California Residents – CCPA/CPRA Rights

In the last 12 months, we have collected the following categories of personal information from California residents: Identifiers (online identifiers, IP addresses, device IDs), Internet/Network Activity (browsing history, pages viewed, cart activity), and Inferences (behavioral patterns and preferences).

We use this information for business purposes as described above and disclose it to service providers (Google Cloud Platform, RudderStack) and merchants. We do not sell or share personal information as defined by CCPA/CPRA.

Your California Rights:

  • Right to Know what personal information we collect and how we use it
  • Right to Delete personal information (subject to exceptions)
  • Right to Correct inaccurate information
  • Right to Opt-Out of sale/sharing (not applicable as we don't sell/share)
  • Right to Non-Discrimination for exercising your rights

To exercise your rights: Email support@eevy.ai with subject “California Privacy Rights.” We respond within 45 days.

We honor Global Privacy Control (GPC) signals.

European Residents – GDPR Rights

Data Controller: Eevy LLC is the data controller for processing activities described in this policy.

Legal Basis: We process your data based on legitimate interest (providing analytics and optimization services) and consent (for non-essential cookies).

Your GDPR Rights: Access, rectification, erasure, restriction of processing, data portability, object to processing, withdraw consent, and lodge a complaint with your Data Protection Authority.

To exercise your rights: Email support@eevy.ai with subject “GDPR Rights Request.” We respond within 1 month.

Data Protection Authorities: Find your national DPA at https://edpb.europa.eu/about-edpb/about-edpb/members_en

Shopify Compliance Webhooks

We comply with Shopify's mandatory data protection webhooks:

  • customers/data_request: We provide data associated with the customer's Shopify Client ID
  • customers/redact: We delete customer data within 30 days of receiving the request
  • shop/redact: We delete merchant store data within 48 hours of app uninstallation

Changes to This Policy

We may update this Privacy Policy periodically. If we make material changes, we will notify merchants and provide at least 30 days' notice before changes take effect. The “Effective Date” at the top indicates when the policy was last updated.
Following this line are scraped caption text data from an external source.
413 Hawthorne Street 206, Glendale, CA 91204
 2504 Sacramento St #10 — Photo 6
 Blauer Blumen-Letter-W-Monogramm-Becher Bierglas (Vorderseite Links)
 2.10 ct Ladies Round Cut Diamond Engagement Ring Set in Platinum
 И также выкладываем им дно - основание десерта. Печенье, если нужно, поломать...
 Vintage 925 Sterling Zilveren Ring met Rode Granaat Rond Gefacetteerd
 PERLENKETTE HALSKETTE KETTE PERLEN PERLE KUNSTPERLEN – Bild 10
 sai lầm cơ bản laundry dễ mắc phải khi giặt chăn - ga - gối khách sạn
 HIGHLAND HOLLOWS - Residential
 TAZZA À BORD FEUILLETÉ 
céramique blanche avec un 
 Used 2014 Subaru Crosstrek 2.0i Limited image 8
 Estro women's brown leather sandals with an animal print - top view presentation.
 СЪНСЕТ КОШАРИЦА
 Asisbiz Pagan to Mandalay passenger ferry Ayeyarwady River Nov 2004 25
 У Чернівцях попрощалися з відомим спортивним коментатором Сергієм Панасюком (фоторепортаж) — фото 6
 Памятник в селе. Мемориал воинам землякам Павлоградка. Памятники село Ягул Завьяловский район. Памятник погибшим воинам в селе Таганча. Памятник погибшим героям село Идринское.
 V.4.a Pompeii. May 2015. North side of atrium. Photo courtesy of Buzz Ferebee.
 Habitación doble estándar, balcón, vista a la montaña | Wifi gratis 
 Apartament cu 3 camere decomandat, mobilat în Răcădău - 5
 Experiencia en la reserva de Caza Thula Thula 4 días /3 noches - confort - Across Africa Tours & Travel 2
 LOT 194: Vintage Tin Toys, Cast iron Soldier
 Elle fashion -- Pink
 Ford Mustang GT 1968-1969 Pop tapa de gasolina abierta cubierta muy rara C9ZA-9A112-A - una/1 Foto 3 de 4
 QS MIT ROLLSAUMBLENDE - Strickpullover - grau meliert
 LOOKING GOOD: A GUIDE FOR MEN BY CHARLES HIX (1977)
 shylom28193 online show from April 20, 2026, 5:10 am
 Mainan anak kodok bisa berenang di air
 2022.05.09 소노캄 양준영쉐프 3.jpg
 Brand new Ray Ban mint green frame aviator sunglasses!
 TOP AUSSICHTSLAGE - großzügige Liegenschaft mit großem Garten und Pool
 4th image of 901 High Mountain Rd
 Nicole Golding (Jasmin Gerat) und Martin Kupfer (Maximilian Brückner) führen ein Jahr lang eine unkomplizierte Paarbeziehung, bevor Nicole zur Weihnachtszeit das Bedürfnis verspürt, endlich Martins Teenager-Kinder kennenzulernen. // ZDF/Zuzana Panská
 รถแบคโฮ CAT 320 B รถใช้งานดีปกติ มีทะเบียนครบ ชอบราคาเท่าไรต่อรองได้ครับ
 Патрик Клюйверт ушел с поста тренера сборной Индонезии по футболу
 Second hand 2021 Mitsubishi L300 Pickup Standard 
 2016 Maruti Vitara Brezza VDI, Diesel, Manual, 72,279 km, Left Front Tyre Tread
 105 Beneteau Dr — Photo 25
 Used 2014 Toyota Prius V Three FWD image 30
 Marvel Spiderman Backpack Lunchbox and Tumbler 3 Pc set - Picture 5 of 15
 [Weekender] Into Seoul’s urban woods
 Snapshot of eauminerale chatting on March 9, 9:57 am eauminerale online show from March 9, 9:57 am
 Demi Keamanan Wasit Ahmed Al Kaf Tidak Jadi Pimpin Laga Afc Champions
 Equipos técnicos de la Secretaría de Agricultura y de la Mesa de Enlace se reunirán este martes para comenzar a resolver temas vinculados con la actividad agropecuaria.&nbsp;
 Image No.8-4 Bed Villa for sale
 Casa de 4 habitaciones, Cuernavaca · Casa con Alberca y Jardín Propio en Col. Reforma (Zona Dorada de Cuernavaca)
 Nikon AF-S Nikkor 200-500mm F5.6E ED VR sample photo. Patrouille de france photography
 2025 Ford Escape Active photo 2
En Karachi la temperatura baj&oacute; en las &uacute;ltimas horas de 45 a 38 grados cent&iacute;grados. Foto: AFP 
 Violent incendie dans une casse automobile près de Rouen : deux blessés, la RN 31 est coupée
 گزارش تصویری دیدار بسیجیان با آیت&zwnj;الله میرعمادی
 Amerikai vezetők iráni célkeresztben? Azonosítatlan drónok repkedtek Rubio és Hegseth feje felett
Continued use of merchant websites using Eevy AI after policy changes constitutes acceptance of the updated policy.

Contact Us

For privacy questions or to exercise your rights:

Email: support@eevy.ai

For specific requests, use these subject lines:

  • “Privacy Question” – General inquiries
  • “Access Request” – Request your data
  • “Deletion Request” – Delete your data
  • “Opt-Out Request” – Opt out of tracking
  • “California Privacy Rights” – California-specific requests
  • “GDPR Rights Request” – GDPR-specific requests

We will respond within 5 business days for general inquiries and within 30-45 days for rights requests.

Eevy LLC
support@eevy.ai

This Privacy Policy complies with GDPR, CCPA/CPRA, and Shopify App Store requirements.